**GIVEN RECORDS:**
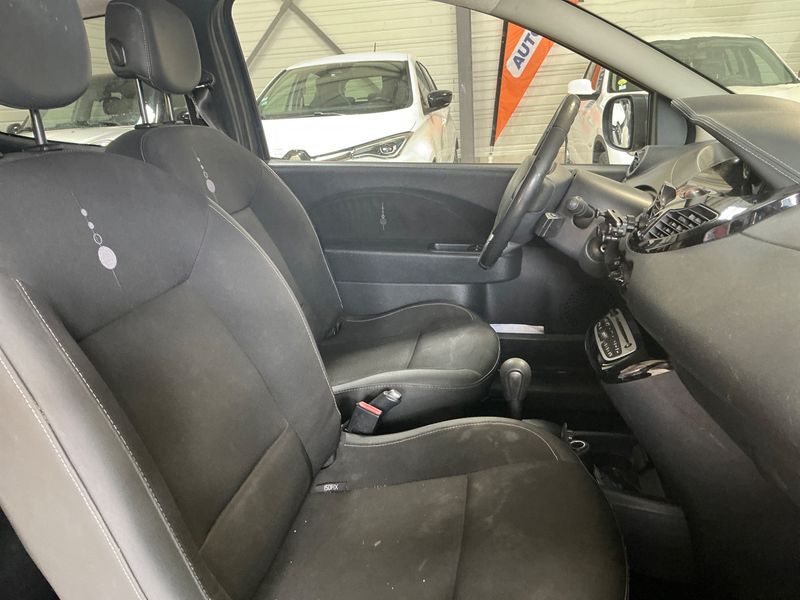 Renault Twingo 1.2 Night & Day — zdjęcie 3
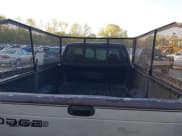 ✅ 1998 Dodge 1500 • VIN: 3B7HC16Y6WM240480 • Lot: 43517439. Wystawiony na IAAI z przebiegiem 142 366 mil. Bezpłatny archiwum sprzedaży aukcyjnych z USA i szczegółowy raport historii pojazdu na DreamBid. Zdjęcie 13.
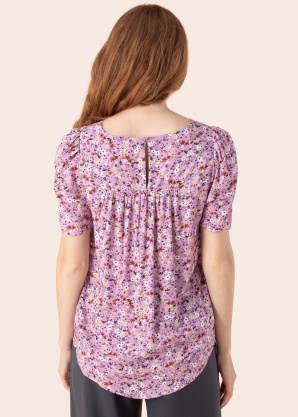 b.young blūze Joella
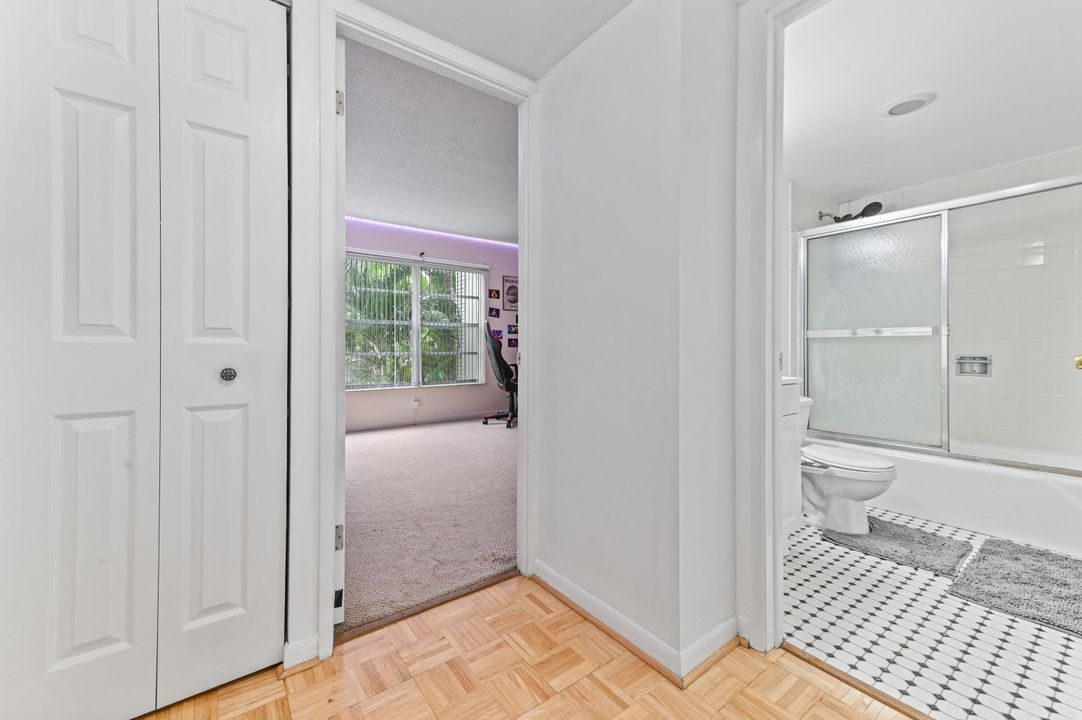 En Venta: $199,000 (2 camas, 1 baños, 1000 Pies cuadrados)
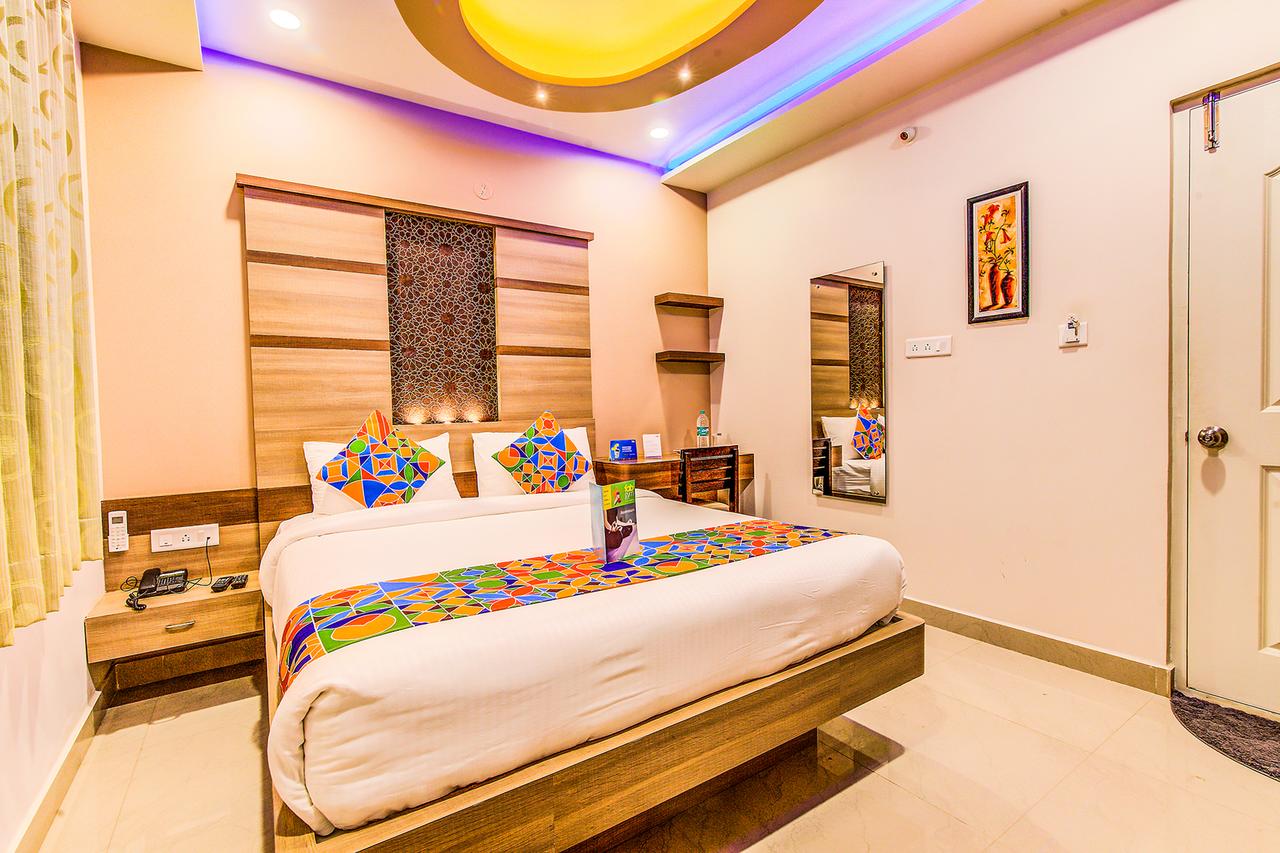 FabHotel Emara Boutique - Near Koramangala - Tap to explore photos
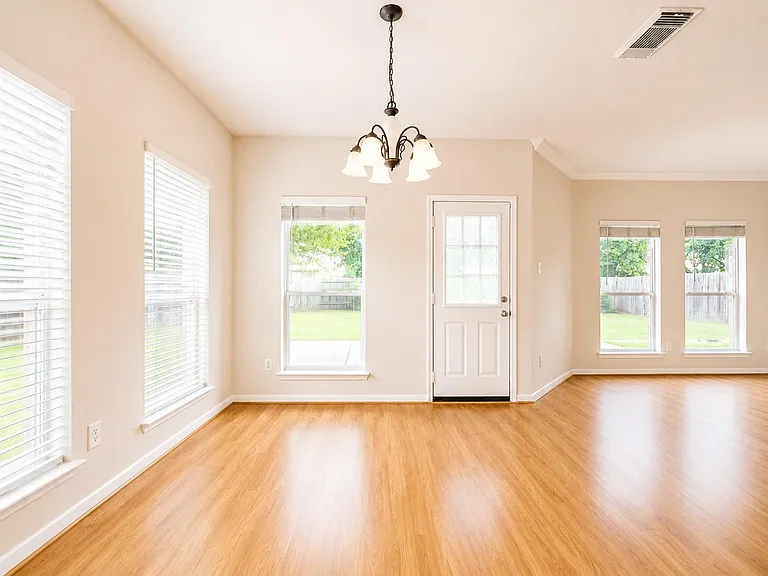 1815 Granite Field Ln — Photo 13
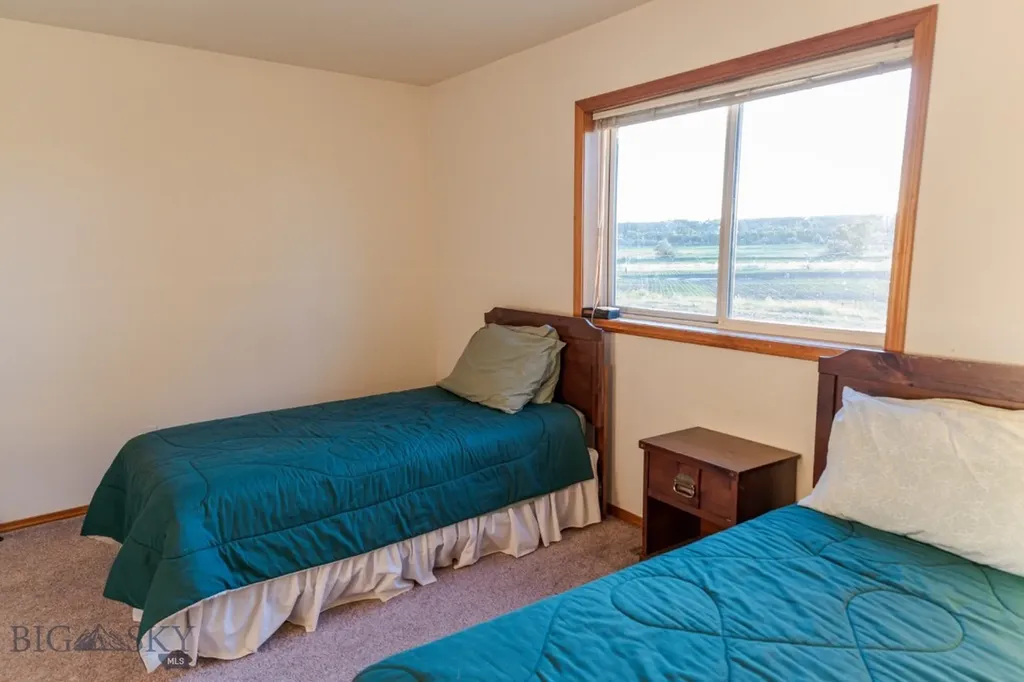 762 Carl Lind Road Fort Smith MT 59035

**EXERCISE DETAILS:** Your task is to restate word for word the lines from the line holding "b.young blūze Joella" through the final line of the listing, both included, but none of the pictures.

**ANSWER SPACE:**
 b.young blūze Joella
 En Venta: $199,000 (2 camas, 1 baños, 1000 Pies cuadrados)
 FabHotel Emara Boutique - Near Koramangala - Tap to explore photos
 1815 Granite Field Ln — Photo 13
 762 Carl Lind Road Fort Smith MT 59035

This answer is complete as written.